**WHAT THIS TASK INVOLVES**
Given the material below, return only the lines starting at the line with "Стержень гелевый черный" and ending at the line with "Streamers shred people", exactly as they appear.

**DATASET CONTENT**
BEGIN

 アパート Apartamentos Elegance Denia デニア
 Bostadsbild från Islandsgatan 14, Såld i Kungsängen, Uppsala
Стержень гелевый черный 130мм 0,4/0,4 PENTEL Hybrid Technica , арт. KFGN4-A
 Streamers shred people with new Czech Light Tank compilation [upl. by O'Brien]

END
BEGIN

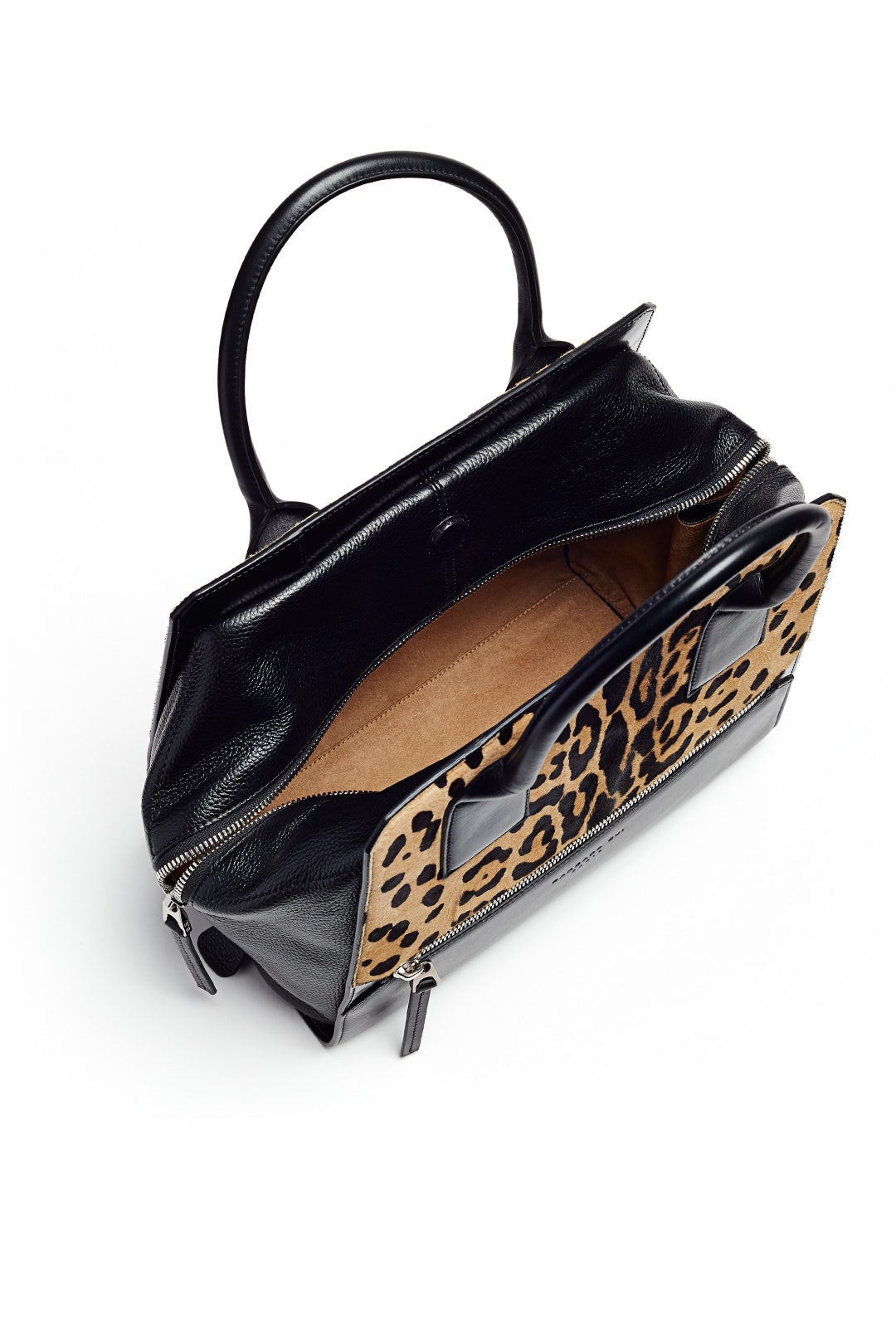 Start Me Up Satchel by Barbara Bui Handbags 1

END

**EXPECTED OUTPUT**
Стержень гелевый черный 130мм 0,4/0,4 PENTEL Hybrid Technica , арт. KFGN4-A
 Streamers shred people with new Czech Light Tank compilation [upl. by O'Brien]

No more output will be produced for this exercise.